New game in a last-gen jacket

Graphically, Redfall already can’t make waves either. The game literally looks like a last-gen title. The Unreal engine can conjure up nice graphics just fine, but in Redfall we see the engine at its worst. The textures are inconsistent and on my system I suffered tremendously from texture pop-in, where a lower resolution texture is not replaced until very late by one with higher quality.

The characters, buildings, environments and enemies look downright generic. The game does run fine otherwise, although FSR 2.1 seemed to be bugged. As soon as I turned this on I was getting weird artifacts all around characters and in shadows. Even without it, Redfall is not particularly heavy and I could run everything just fine on maximum settings. I did encounter some weird bugs, but nothing that really got in the way of playing through the game. Don’t be surprised if you come across some images online of T-posing opponents or characters slightly floating through their environment.

Redfall’s audio is excellent, though. The atmosphere is oppressive and ominous cries and screams can be heard from everywhere. The main vampire constantly sends intimidating messages into the ether, giving the game a twistedly scary atmosphere. The music is also excellent, but if Redfall has to rely on these two elements, that’s not a good thing.

Redfall feels like a rush job. Which is odd, considering the game has already been delayed once. Nothing in the game really works together nicely. Loot with stats adds nothing to the fine gunplay, special skills of the characters you barely use. Stealth is not really a solid option and despite there being multiple paths to most objectives, shooting everyone and running through is really always the best choice. With four players there is definitely still fun to be had with Redfall, but it is recommended to try the “free” Game Pass version then.
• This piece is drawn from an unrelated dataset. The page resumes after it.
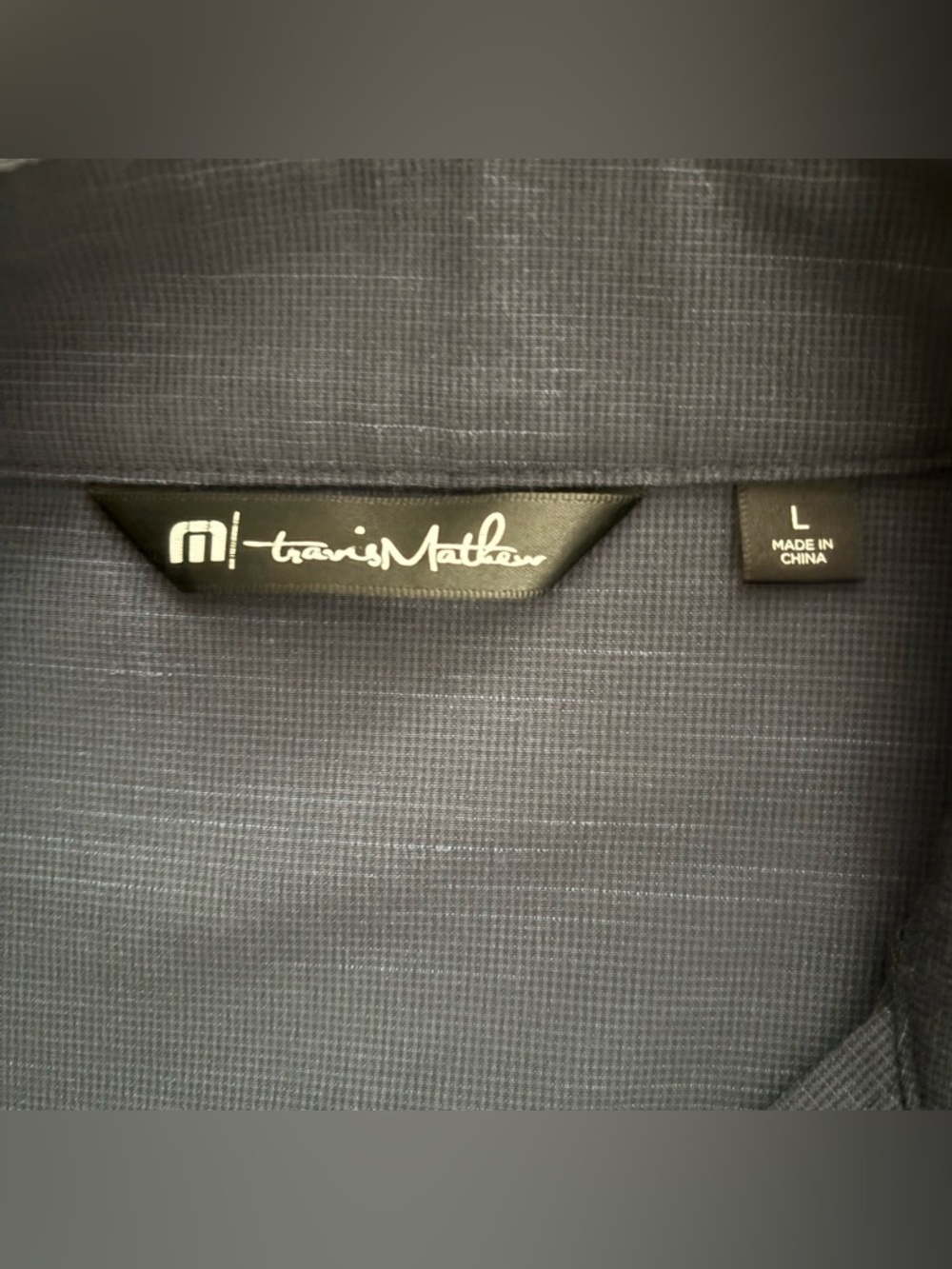 Travis Mathew Navy Blue Zip-Up Vest Golf Sz Large - Picture 2 of 5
Redfall is unworthy of Arkane. A studio with such a history should simply be able to do better. The game plays fine on its own and doesn’t make huge missteps, but it lacks all the attention to detail, great characters, levels and gameplay we’ve come to expect from the developer. If you really have nothing left to play with your friends and can try Redfall for free through Game Pass, the game is still worth it. Adjust your expectations downward, Redfall is anything but a masterpiece.